By Shawn Langlois, MarketWatch
If you’re sort of feeling sorry for the people caught up in the college admissions scandal but really wish you weren’t, Olivia Jade Giannulli can help with that.
‘I don’t know how much of school I’m gonna attend. But I’m gonna go in and talk to my deans and everyone, and hope that I can try and balance it all. But I do want the experience of like game days, partying… I don’t really care about school, as you guys all know.’
Olivia Jade Giannulli
That’s what the daughter of Lori Loughlin and Mossimo Giannulli, two of the high-profile names charged in “Operation Varsity Blues,” had to say last year about her admittance to the University of Southern California.
Here’s the video, which has now been viewed about 1.3 million times, that resurfaced on social media after the scandal broke.
Giannulli, with almost 2 million followers on YouTube and another 1 million on Instagram, apologized days after the video was published:
“I said something super ignorant and stupid, basically,” she explained. “And it totally came across that I’m ungrateful for college — I’m going to a really nice school. And it just kind of made it seem like I don’t care.”
After that, Giannulli, according to the New York Times , got back to the business of making money by incorporating college into her brand as a paid influencer with posts like this about Amazon’s (NAS:AMZN) paid membership program:
Of course, we now know that, according to the Justice Department, her parents paid bribes amounting to $500,000 to get Giannulli and her sister into the school.

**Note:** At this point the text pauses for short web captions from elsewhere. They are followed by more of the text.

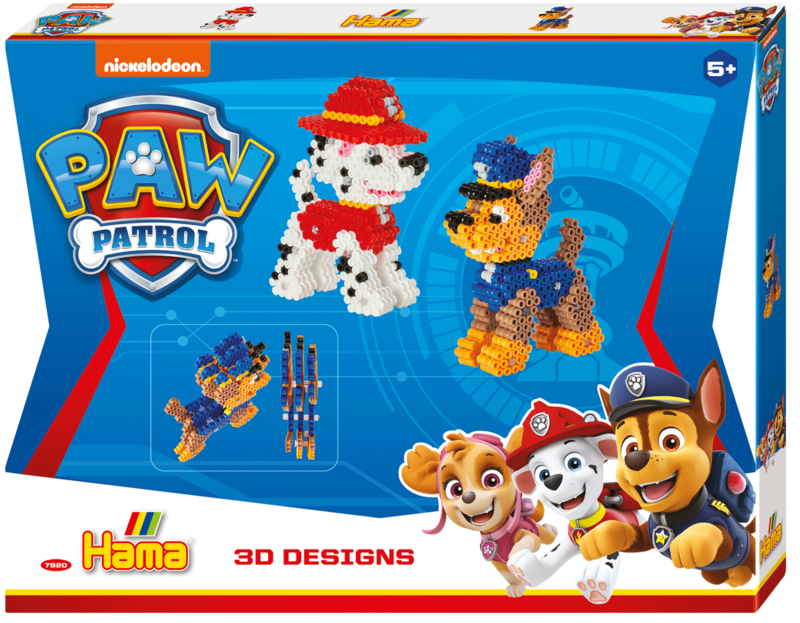 Hama Paw Patrol 3D -lahjarasia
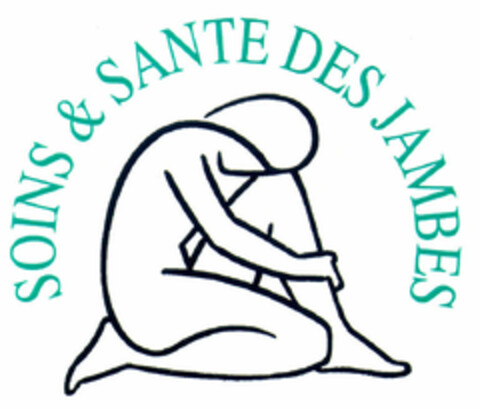 SOINS & SANTE DES JAMBES Logo (EUIPO, 28.10.1999)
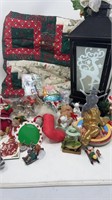 Christmas Decor and Vintage Ornaments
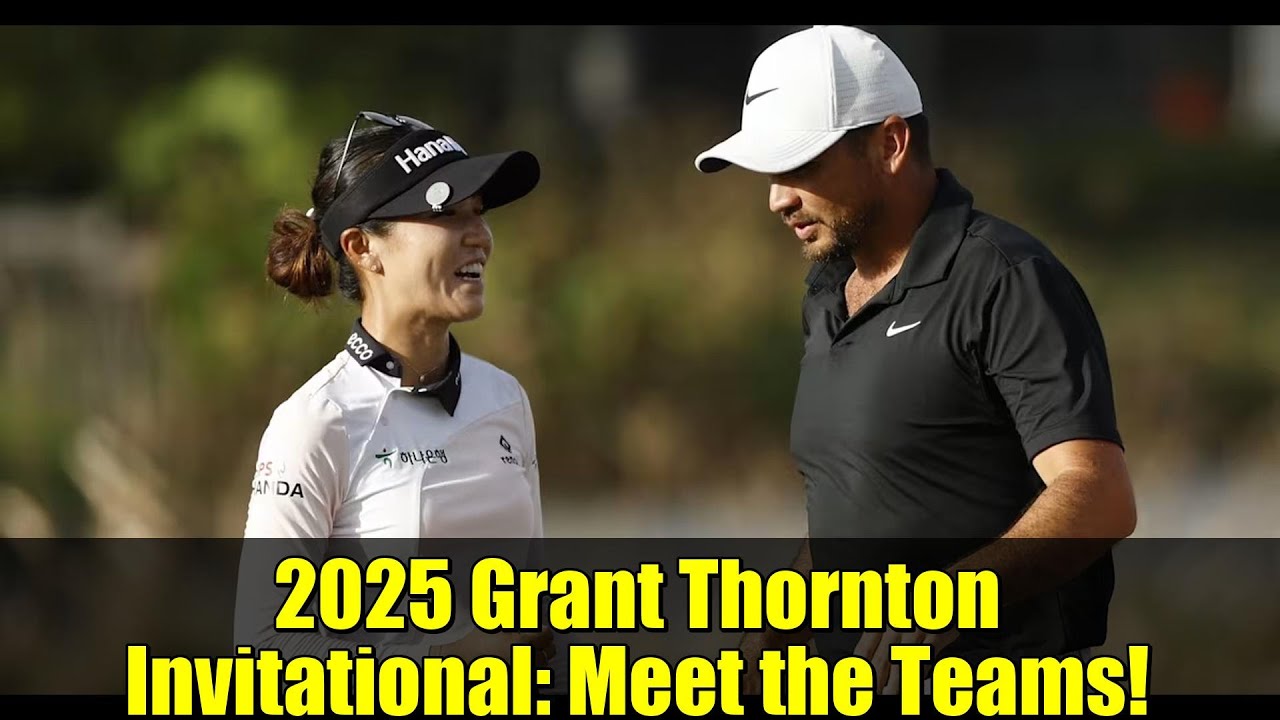 2025 Grant Thornton Invitational: Meet the Teams! | Golf Highlights 2025 Grant Thornton Invitational: Meet the Teams! | Golf Highlights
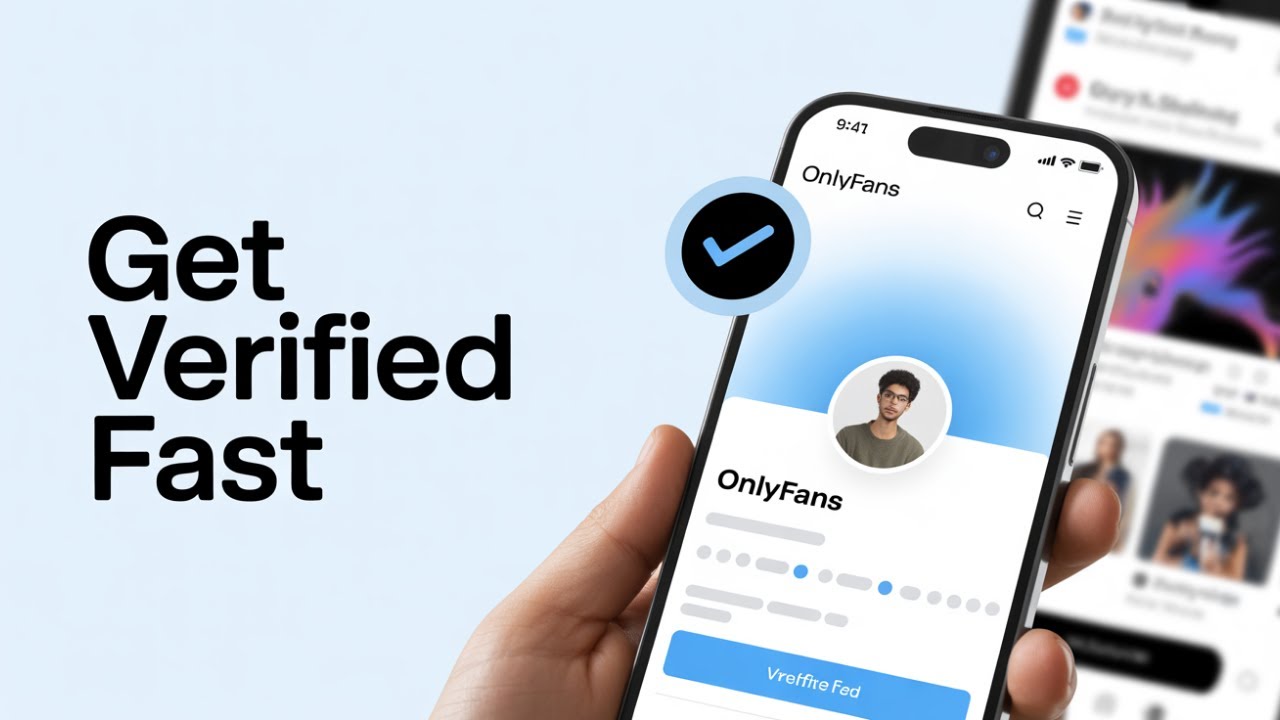 How to verify your OnlyFans creator account - quick guide - YouTube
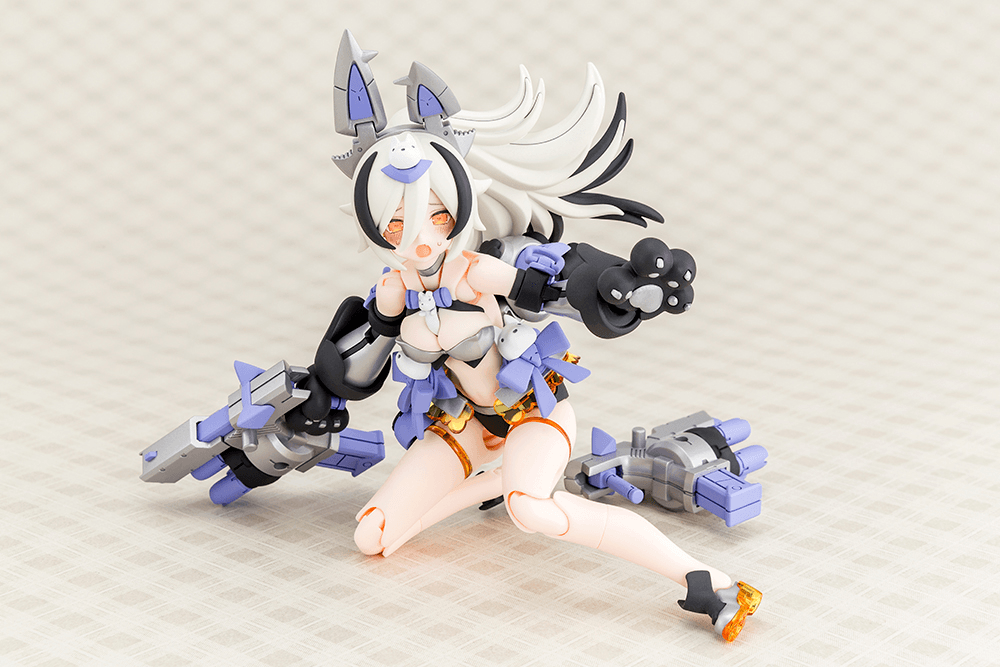 Megami Device 30.1 Puni ☆ Mofu Gin Lang KOTOBUKIYA Model Kit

Giannulli’s mother was taken Wednesday into FBI custody, where she faces charges of conspiracy to commit mail fraud and honest services mail fraud, according to a criminal complaint. Her father, a well-known fashion designer, posted bail on Tuesday after being arrested for the same charges.
Giannulli was reportedly celebrating spring break in the Bahamas on a yacht owned by a USC board of trustees member when the indictments were handed down Tuesday. Late Wednesday, USC’s interim president said the status of current students involved in the scandal will be reviewed.